La question du profil des maires et de ses adjoints a retenu également l’attention de la plénière. Les discussions ont été aussi houleuses à ce niveau. Pour certains, les maires doivent avoir un niveau intellectuel d’au moins le baccalauréat. Pour d’autres, ce n’est pas nécessaire. A l’arrivée, la plénière a reconduit le critère d’actualité jusqu’ici à savoir lire et écrire simplement. « Il n’est pas important d’exiger un niveau intellectuel aux maires. La Constitution du 11 décembre 1990 a prévu savoir lire et écrire », a précisé le député Djibril Mama Débourou qui soutient qu’il faut plutôt que l’idéal soit de chercher à élever le niveau politique des maires et leurs adjoints et de renforcer la compétence technique de l’administration communale. « Ce n’est pas le diplôme qui travaille. Les vrais travailleurs, c’est le maire qui connaît le terrain », ajoute le député Gaston Yorou. Mieux, le Code électoral précise que le maire doit être issu dorénavant de la liste ayant obtenu la majorité absolue de conseillers.
Non au scrutin censitaire
En ce qui concerne la caution à la présidentielle, il a été retenu le statut quo. Le montant de 15 millions FCFA en vigueur lors de la présidentielle 2011 a été reconduit. Mais après de longs débat où certains députés ont souhaité que cette caution soit portée à 50 millions et plus pour rester conséquent par rapport aux dépenses de la campagne présidentielle portée de 1,5 à 2,5 milliards FCFA. Les députés toutes tendances confondues ont salué l’avènement de ce Code qui constitue une avancée de la démocratie surtout avec la mise en place de la CENA permanente, indépendante et professionnelle.

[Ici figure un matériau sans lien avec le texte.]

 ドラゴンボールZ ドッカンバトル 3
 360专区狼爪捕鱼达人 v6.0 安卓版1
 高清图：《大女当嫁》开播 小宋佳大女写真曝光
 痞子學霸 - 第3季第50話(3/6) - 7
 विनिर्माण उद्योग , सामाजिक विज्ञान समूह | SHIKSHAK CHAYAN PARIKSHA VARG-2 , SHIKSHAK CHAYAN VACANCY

Pour Edmond Zinsou, les tensions sociales inhérentes aux élections et les longues périodes d’attente avant les résultats des élections seront désormais conjurées avec l’adoption de cette loi.
Appréciant ce Code, Rosine Soglo dit regretter que cette loi ne soit pas votée depuis un an pour permettre l’organisation à bonne date des élections. Elle se dit par ailleurs pessimiste car rien ne prouve que la CENA permanente va empêcher les fraudes électorales jusqu’ici dénoncées. Toutefois, la démocratie béninoise est en train de s’inscrire dans le concert des nations démocratiques, se réjouit le député Charlemagne Honfo. Avec ce dispositif, il garde espoir que les résultats des élections puissent être connus au plus tard 48 heures après le scrutin.

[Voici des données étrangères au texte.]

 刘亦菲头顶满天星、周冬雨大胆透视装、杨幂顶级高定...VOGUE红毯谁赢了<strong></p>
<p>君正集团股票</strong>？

Candide Azannaï, pour sa part, ne partage pas l’optimisme des uns et des autres. Car, selon lui, ce document comporte assez de pièges stratégiques. Il met également en exergue la force de l’argent qui constitue un handicap sérieux à la transparence des élections au Bénin. Candide Azannaï qui a émis un vote d’abstention tout au long des différents votes lors de l’examen livre par livre de la loi invite le peuple et les Organisations de la Société civile à la vigilance et à la prudence dans la mise en œuvre de ce Code électoral.